Melbourne, Sydney, Perth and Hobart were in the ignominious top 25 unaffordable cities. Adelaide and Brisbane were not far behind. The study this year contained a special feature on Australian trends. This shows how affordability has deteriorated in the past 20 years or so. And, as every aspiring home buyer knows, the position has become worse over the past few years.
Australia has arrived at its present poor position despite having one of the most efficient and low-cost house building industries in the world.
The cost increases are partly produced by rising government taxes, charges and regulatory requirements on houses. But, above all, they are due to planning restrictions.
Gradually over a 40-year period the role of urban planners has switched. Planners used to determine where people wished to live and arranged roads, sewerage, school developments and other infrastructure to meet the demands. More urban planners have tried to dictate where people live, and designating this to be confined to within an "urban growth boundary".
This sort of development is in line with the preferences of those who want to transplant to Australia the densely packed European-style city. Such people see this as ideal to promote culture and facilitate public transport.
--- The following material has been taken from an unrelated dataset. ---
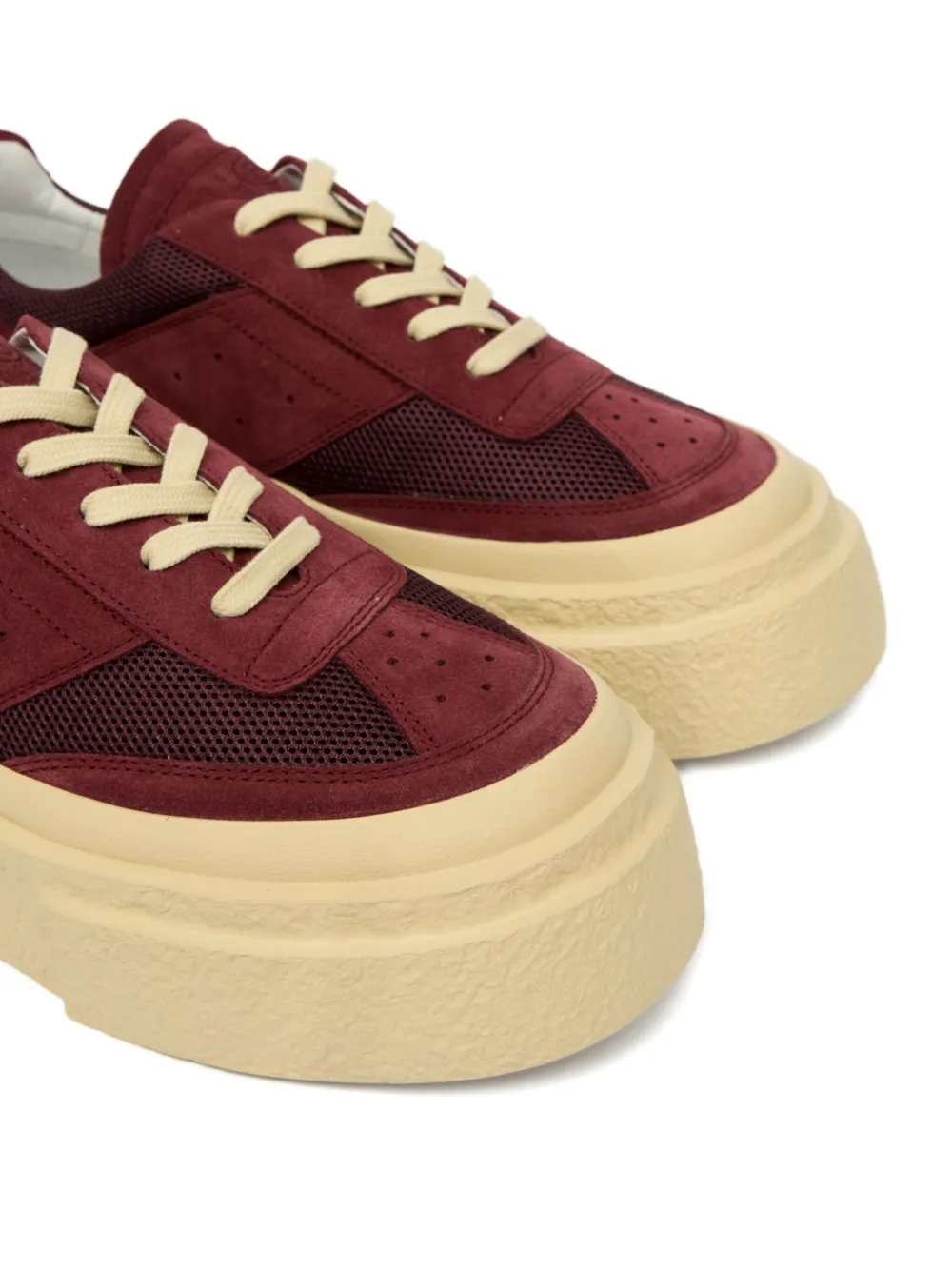 MM6 Maison Margiela suede sneakers Red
But that sort of city is a thing of the past. No longer do we all troop to work to the urban centre using buses, trains and trams. For the most part, we work in dispersed locations and prefer to travel by car to work and for entertainment. Most of us also prefer a house rather than an apartment and, to the bewilderment of some urban planners, many of us actually prefer to live in the suburbs.
Imposing constraints on developments means an alarming inflation in the cost of land. Land is like any other product -- if the Government restricts its availability, its price increases.
There are those who argue that we are running out of land, that "urban sprawl" is eating into the countryside. Such claims are laughable in Australia, where only 0.2 per cent of the area (0.5 per cent in Victoria) is urbanised. The regulations that prevent land being zoned for housing bring windfall gains to those fortunate or savvy enough to have their land made eligible.
They also vastly restrain the value of land owned by those who are denied the ability to sell their land for housing -- to sell for the most valuable uses. Land use restrictions are crippling the affordability of housing. This is denying thousands of young people an opportunity to own a house. It also brings personal misfortune to those who are denied home ownership because of government restrictions on land use. And it means a different sort of Australia is being created -- one that comprises the "haves", who own their homes, and the "have-nots", who have to rent all their lives.
It also means a building industry that is smaller than it should be if demand were not priced out of the market. And this means fewer jobs.